Cleaning up the clang::driver::toolchains::Linux mess?

clang 2.9 hardcodes a huge list of GCC versions and paths and distro
release files in /etc just to find where GCC keeps its libraries and
include files on Linux. This was introduced in
http://llvm.org/viewvc/llvm-project?view=rev&revision=118382 , and it’s
been patched up several dozen times since then with uglier and uglier
distro-specific hacks.

Lately this has been causing trouble for Debian and Ubuntu development
releases, which have been transitioning to multiarch paths for GCC, such
as /usr/lib/i386-linux-gnu/gcc/i486-linux-gnu/4.6.1; see
http://bugs.debian.org/cgi-bin/bugreport.cgi?bug=629861 . But more
fundamentally, it seems fragile, unmaintainable, and most other kinds of
wrong. It’s guaranteed to break again every time a new GCC version or a
new distro release comes out, and even if clang gets fixed promptly, not
every distro has the resources and energy to package a new version of
clang every time that happens.

Is there a sane way to find these paths? It seems GCC has an option to
just output them:

$ gcc -print-file-name=crtbegin.o
/usr/lib/i386-linux-gnu/gcc/i486-linux-gnu/4.6.1/crtbegin.o

This would preferably happen at clang’s configure time so the packager can
override the autodetection if it fails for some reason. It might even be
possible to parse all the necessary distro-specific flags (-z relro,
--hash-style=gnu, etc.) out of `gcc -dumpspecs`.

Anders

Hi,

If you're thinking of doing this sort of refactoring (and I agree it is definitely worthwhile), could you please not just limit it to toolchains::Linux?

I'm thinking more of toolchains::Unknown, which is used when cross-compiling to bare-metal and currently calls GCC to find the assembler and linker (but LLVM/Clang is meant to be a GCC replacement - it shouldn't rely on it!).

I've been doing some work on improving the cross-compilation story in the Clang driver (see http://comments.gmane.org/gmane.comp.compilers.clang.scm/36110, currently stuck at review on cfe-commits), but haven't got around to doing something about toolchain locations yet.
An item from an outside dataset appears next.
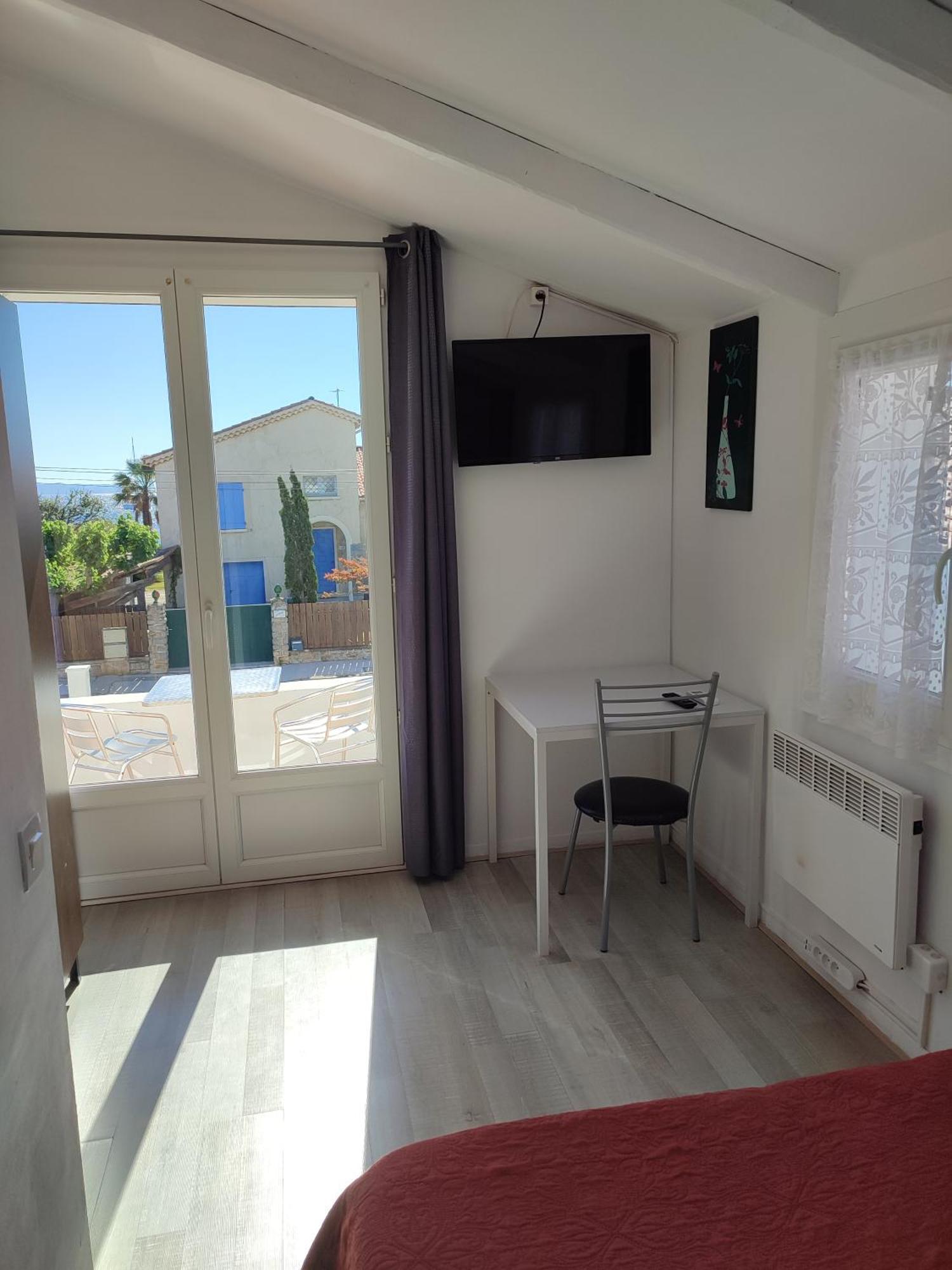 Hotel Le Calypso Hyères Eksteriør billede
An option to bake in locations at configure time a-la GCC would be excellent for picking up the correct cross-compilation linker, assembler and libraries.

Cheers,

James

Chris did some brief design (search for Universal Driver) a while ago, but it didn't get implemented. I'd love to see the toolchain descriptions moved out into a config file, so when a Linux distro decides to randomly move all of their paths around again users just need to update a config file specifying the default locations, and users can create cross-compile toolchain descriptions just by editing a config file, without needing to hack on clang.

David

It's the only configuration where it really matters. Everyone else uses
a sane setup. For cross-compiling to unknown platforms, you can still
just put the files into a single location relative to the install path
of clang or so.

Joerg

Autodetection of paths from default gcc also make sense, e.g. in Gentoo one can easily switch active gcc version, and Clang could follow it.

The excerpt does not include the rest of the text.